Signor Sindaco di Macerata,
Renato Biagetti, ingegnere di 26 anni, il 27 agosto 2006 moriva a
Roma assassinato da due giovanissimi fascisti con otto coltellate,
mentre usciva da un concerto di musica reggae.
Il giudice che li ha condannati ha evidenziato nella sentenza la
gravità del gesto perché in esso c’era la rivendicazione di un
territorio.“Questo quartiere è nostro tu sei un diverso e devi morire”.
Le parole che hanno decretato la morte di Renato hanno anticipato le
parole che sono ogni giorno sulla bocca di cittadini, politici, media
italiani “ L’Italia agli italiani” “ Fuori tutti gli immigrati”.
Signor Sindaco per un giudice queste parole sono un’aggravante di un reato.

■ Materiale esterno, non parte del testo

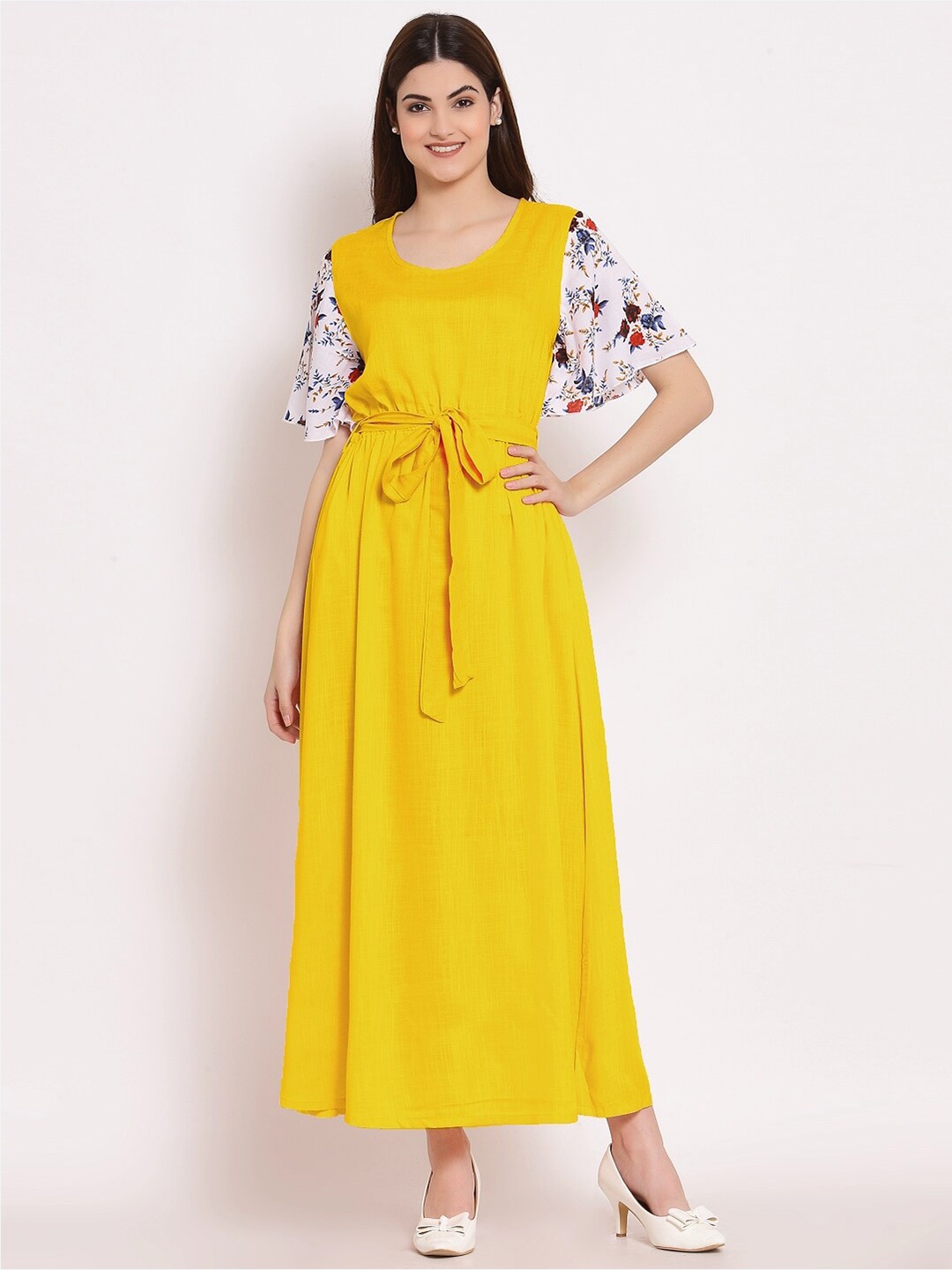 

PATRORNA Mustard Printed Maxi Nightdress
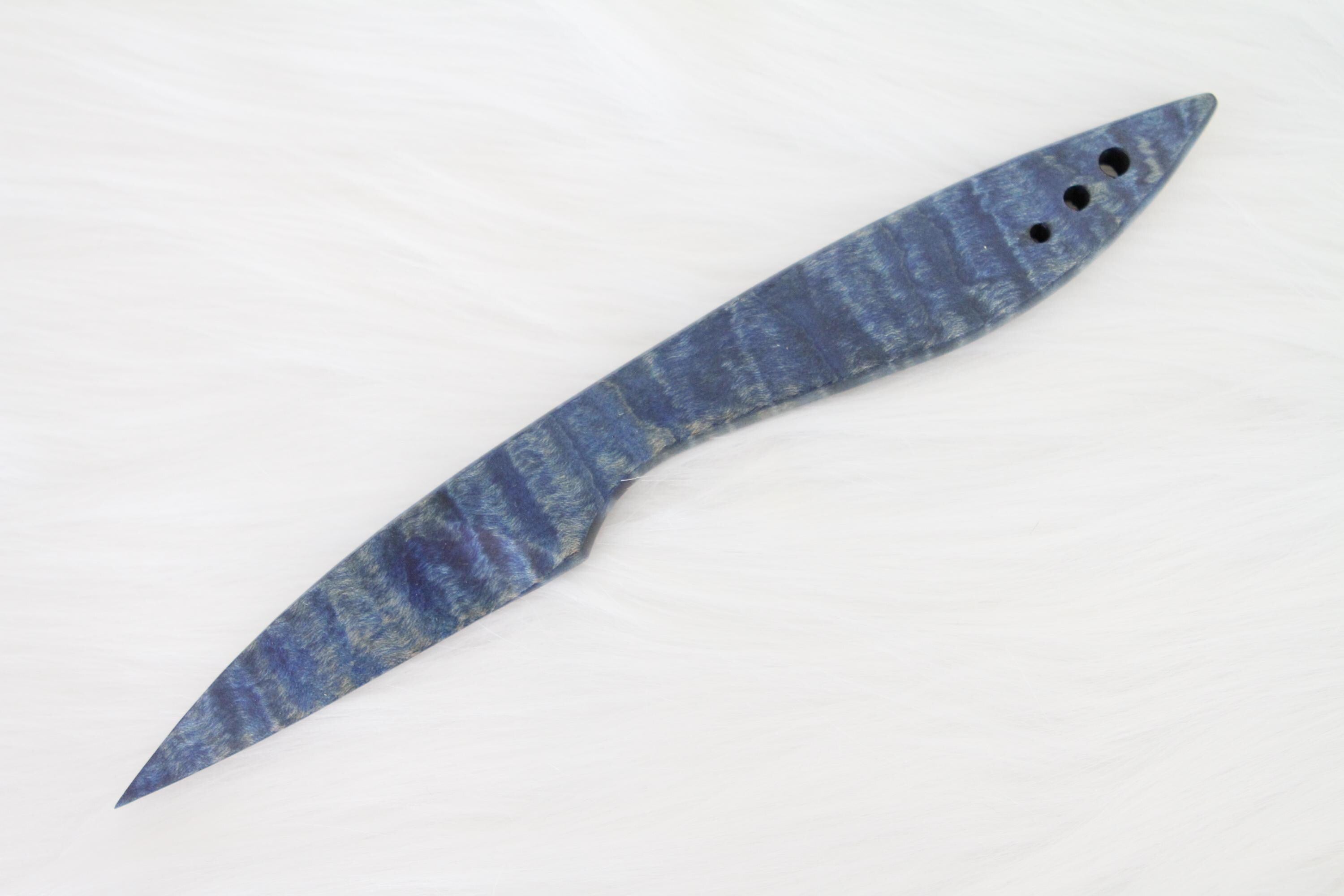Curly Maple Letter Opener, Blue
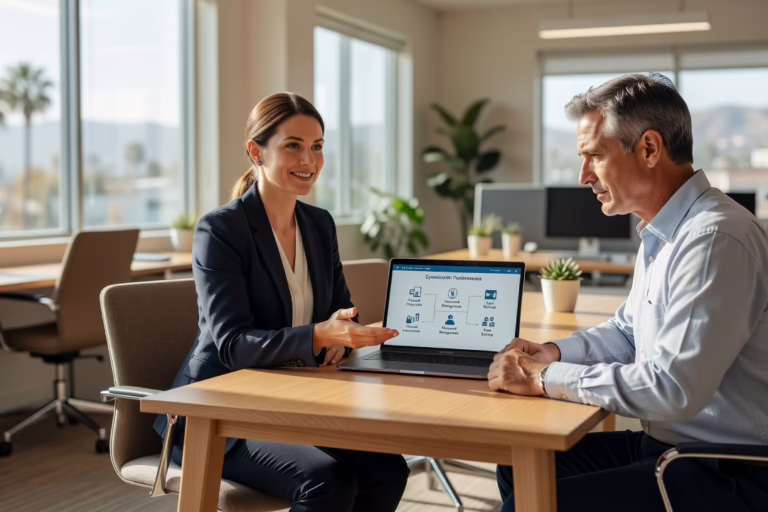 Office manager reviewing a cybersecurity checklist on a laptop at a small business desk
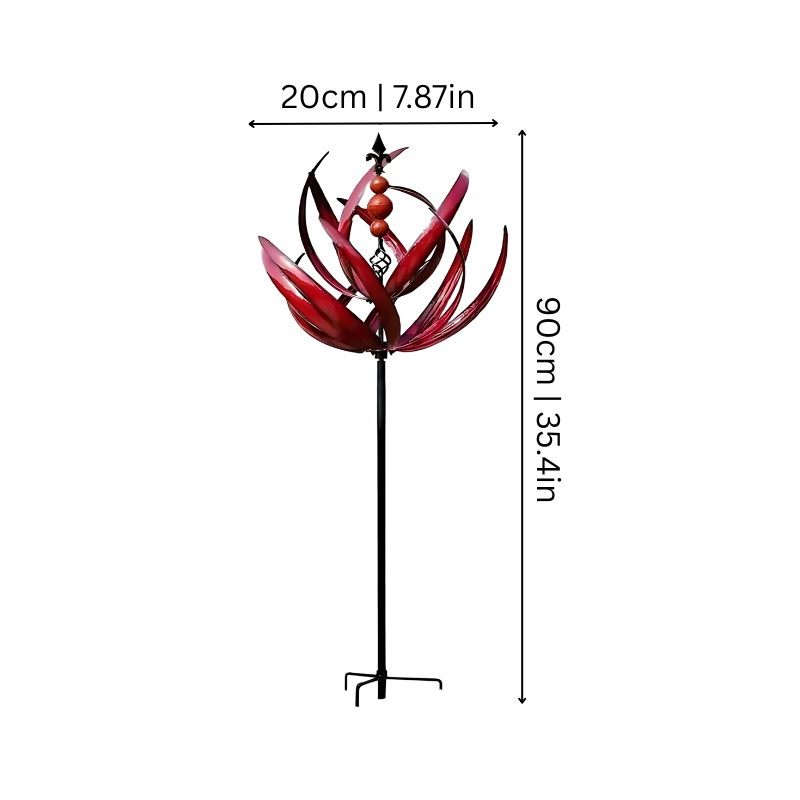 Rotating Metal Wind Spinner Garden Stake with Reflective Spiral Design for Outdoor Yard Decor | Colorful Solar Light Catcher Kinetic | Thomler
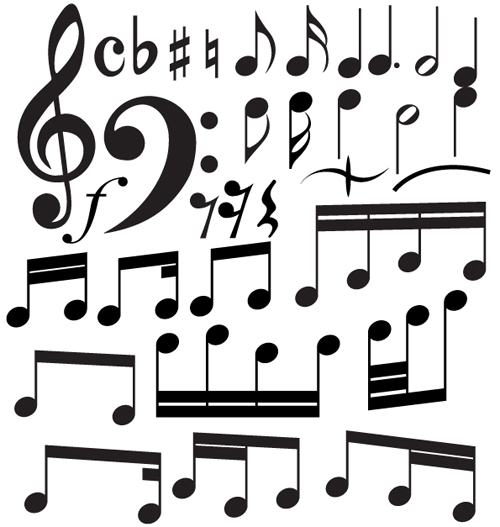 Set of music elements vector graphic 01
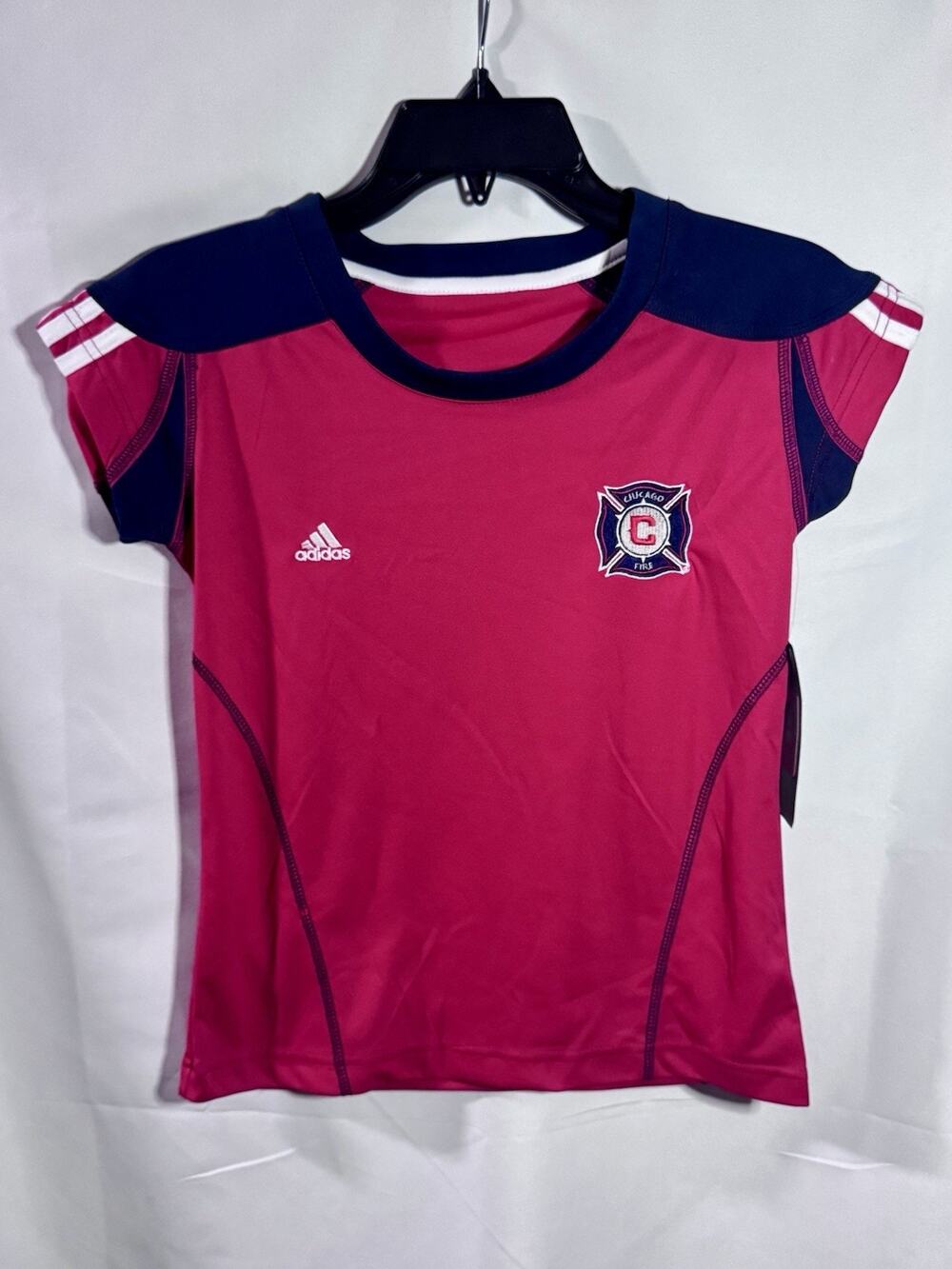NEW-MENDED Chicago Fire Adidas Red Compression Shirt YOUTH GIRLS M MEDIUM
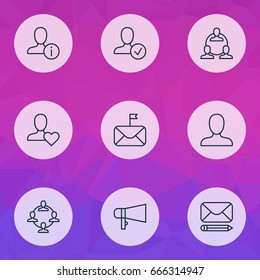 Communication Icons Set. Collection Of Web Profile, Edit Mail, Favorite Person And Other Elements. Also Includes Symbols Such As Employee, Work, Bullhorn.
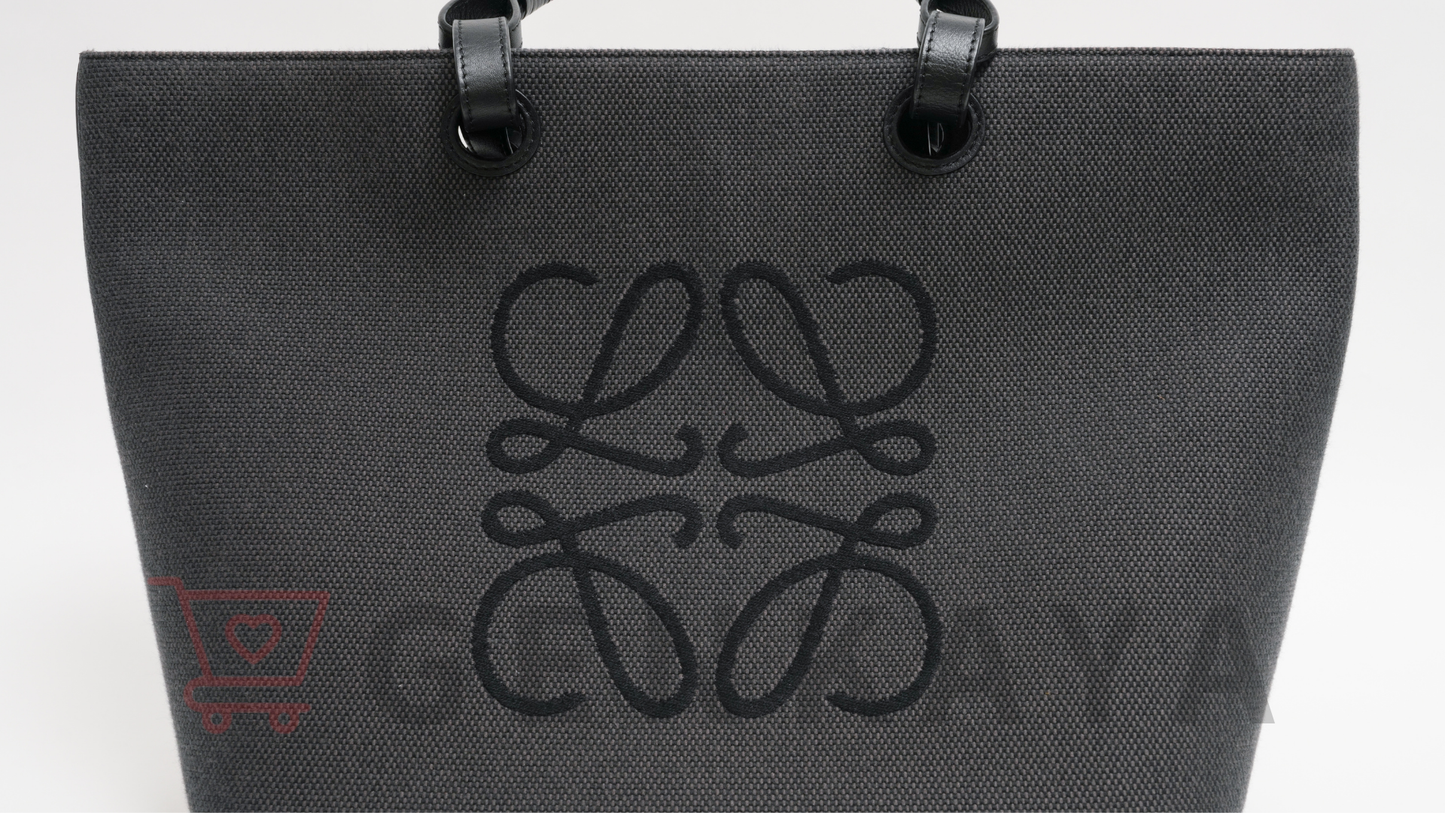 LOEWE アナグラム キャンバス×レザー 2Wayトートバッグ ブラック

Lei non si è preoccupato che un suo cittadino con queste idee nella
testa abbia tentato una strage di persone innocenti, la cui “colpa “ era
solo quella di essere cittadini stranieri.
Lei non ha immediatamente raccolto i suoi cittadini intorno al dolore
delle persone colpite, prendendo le distanze dal loro concittadino,
dichiaratamente fascista e razzista, che li aveva feriti.
Signor Sindaco, il fascismo e il razzismo non sono opinioni che si
possano manifestare liberamente nelle città italiane. Sono un crimine
condannato dalla nostra Storia di Liberazione e dalla Costituzione che
lei serve come Istituzione.
Lei, signor Sindaco, ha preferito pronunciare questo appello: «È il
tempo della comunità, della nostra comunità. Si fermino tutte le
manifestazioni».
Signor Sindaco lei vuol forse farci intendere
- che la sua comunità è più importante della Costituzione, dei suoi principi antifascisti e antirazzisti?
- che la sua comunità rimarrebbe turbata se i suoi concittadini antifascisti e antirazzisti, insieme ad altri cittadini antifascisti e antirazzisti riempissero le strade della sua città per ripetere che l’Italia ripudia il fascismo e il razzismo e la violenza?
Signor Sindaco , insieme al Ministro degli Interni, lei sta impedendo
nella sua città il libero manifestarsi delle idee antifasciste,
riconosciute dalla nostra Costituzione.
Signor Sindaco la invitiamo a leggere questa lettera scritta per Renato Biagetti:
“Mi chiamo Renato Biagetti.
A me i fascisti non fanno paura. Non mi hanno mai fatto paura. Nemmeno quando mi hanno ucciso.
Quelli che mi fanno paura sono quelli che non dicono nulla, non vedono nulla, non sanno nulla.
Quelli che ancora pensano che sono ragazzate o che “quelli come me se la sono andati a cercare”.
Quelli che dicono che è folklore. Bandiere nere, svastiche, saluti romani.
Folklore, come i ballerini con il tamburello o le processioni con il santo con appesi i serpenti.
Fenomeni marginali, sacche di delinquenza. Risse tra balordi. Tre righe in cronaca.
Intanto si riscrive la storia. Si mischiano i morti. Si dimenticano cause, ragioni.
Io sono morto per loro. Non per voi. Sono morto per loro. E a loro continuo a pensare.
E’ tutto così assurdo. Un brutto film, uno di quelli in cui la
sceneggiatura non gira. Eppure in quel film io ci abitavo, come ci
abitate voi.
Un Paese che ancora non si è stufato delle morti come la mia. Un
Paese in cui tutto è normale. Anche morire fuori da una festa di musica
reggae. 8 coltellate. Una è stata così forte che addosso mi è rimasto il
segno del manico del coltello.
Tutto normale. Anzi normalissimo. Cosa c’è di strano? Si comincia sempre così.
Di questo ho paura”.
Signor Sindaco lei dovrebbe aver paura di quel silenzio che ha chiesto, non della voce degli antifascisti.